# What you will do
Reproduce only the stretch of entries below that begins at the first line and ends at the line holding "APTOPIX 97th Academy Awards - Roaming Arrivals.".

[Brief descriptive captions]
====
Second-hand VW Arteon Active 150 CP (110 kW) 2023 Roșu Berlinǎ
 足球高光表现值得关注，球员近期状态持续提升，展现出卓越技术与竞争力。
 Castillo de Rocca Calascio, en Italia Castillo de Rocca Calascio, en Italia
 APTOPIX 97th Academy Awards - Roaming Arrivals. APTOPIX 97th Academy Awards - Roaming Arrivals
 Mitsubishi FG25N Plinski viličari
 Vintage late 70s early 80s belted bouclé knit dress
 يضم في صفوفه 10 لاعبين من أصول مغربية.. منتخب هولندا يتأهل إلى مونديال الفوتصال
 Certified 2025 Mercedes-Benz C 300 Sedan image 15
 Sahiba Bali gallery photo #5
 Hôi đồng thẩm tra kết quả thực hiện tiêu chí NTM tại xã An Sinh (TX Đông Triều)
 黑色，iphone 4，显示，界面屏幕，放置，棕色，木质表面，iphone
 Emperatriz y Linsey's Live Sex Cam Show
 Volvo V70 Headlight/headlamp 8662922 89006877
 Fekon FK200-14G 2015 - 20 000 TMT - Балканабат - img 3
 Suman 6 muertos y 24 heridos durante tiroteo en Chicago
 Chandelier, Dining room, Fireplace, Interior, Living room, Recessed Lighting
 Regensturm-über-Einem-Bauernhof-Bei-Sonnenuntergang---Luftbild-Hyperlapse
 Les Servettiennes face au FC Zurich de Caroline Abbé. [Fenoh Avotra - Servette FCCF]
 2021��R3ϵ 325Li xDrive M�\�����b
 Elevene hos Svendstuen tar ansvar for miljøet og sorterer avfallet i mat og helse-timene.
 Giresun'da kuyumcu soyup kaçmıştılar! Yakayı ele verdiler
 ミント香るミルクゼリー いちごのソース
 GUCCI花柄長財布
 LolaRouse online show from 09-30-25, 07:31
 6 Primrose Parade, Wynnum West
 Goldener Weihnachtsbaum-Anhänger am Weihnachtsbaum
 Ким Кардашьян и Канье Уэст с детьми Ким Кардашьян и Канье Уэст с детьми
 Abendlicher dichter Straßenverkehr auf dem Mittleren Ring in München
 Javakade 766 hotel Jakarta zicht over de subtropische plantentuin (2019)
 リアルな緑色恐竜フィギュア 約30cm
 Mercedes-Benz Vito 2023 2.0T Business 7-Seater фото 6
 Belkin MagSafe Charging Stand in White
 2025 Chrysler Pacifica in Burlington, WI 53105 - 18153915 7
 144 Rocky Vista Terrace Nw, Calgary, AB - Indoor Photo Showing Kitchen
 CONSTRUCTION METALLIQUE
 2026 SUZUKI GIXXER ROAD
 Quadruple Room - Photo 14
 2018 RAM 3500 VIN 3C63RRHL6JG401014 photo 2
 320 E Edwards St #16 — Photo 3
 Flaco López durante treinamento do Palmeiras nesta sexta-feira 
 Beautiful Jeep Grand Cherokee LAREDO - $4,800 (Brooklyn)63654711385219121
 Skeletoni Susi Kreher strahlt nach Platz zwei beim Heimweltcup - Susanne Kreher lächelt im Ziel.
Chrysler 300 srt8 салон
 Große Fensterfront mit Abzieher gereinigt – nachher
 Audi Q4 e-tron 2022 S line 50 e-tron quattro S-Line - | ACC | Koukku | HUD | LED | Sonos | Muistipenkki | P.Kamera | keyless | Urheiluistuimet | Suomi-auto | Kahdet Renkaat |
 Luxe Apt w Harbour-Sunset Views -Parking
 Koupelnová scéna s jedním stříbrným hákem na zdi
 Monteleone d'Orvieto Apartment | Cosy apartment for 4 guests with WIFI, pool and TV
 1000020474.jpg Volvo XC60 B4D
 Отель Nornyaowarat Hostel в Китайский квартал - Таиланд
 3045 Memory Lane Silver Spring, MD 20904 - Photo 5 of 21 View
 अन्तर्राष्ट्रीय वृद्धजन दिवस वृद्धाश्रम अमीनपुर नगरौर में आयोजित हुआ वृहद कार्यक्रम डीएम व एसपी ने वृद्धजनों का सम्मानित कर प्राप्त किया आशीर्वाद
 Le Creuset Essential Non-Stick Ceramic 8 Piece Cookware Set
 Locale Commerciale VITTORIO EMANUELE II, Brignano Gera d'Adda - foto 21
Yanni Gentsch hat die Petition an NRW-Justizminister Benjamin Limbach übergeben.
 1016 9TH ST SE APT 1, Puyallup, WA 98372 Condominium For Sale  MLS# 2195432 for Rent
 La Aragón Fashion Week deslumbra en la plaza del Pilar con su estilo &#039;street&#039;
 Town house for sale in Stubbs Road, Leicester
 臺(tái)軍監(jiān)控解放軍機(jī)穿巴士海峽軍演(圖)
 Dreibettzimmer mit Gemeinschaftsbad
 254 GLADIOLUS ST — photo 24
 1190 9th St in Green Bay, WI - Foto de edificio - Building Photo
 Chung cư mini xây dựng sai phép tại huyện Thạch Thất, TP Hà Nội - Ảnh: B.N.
====
# Response area
Second-hand VW Arteon Active 150 CP (110 kW) 2023 Roșu Berlinǎ
 足球高光表现值得关注，球员近期状态持续提升，展现出卓越技术与竞争力。
 Castillo de Rocca Calascio, en Italia Castillo de Rocca Calascio, en Italia
 APTOPIX 97th Academy Awards - Roaming Arrivals. APTOPIX 97th Academy Awards - Roaming Arrivals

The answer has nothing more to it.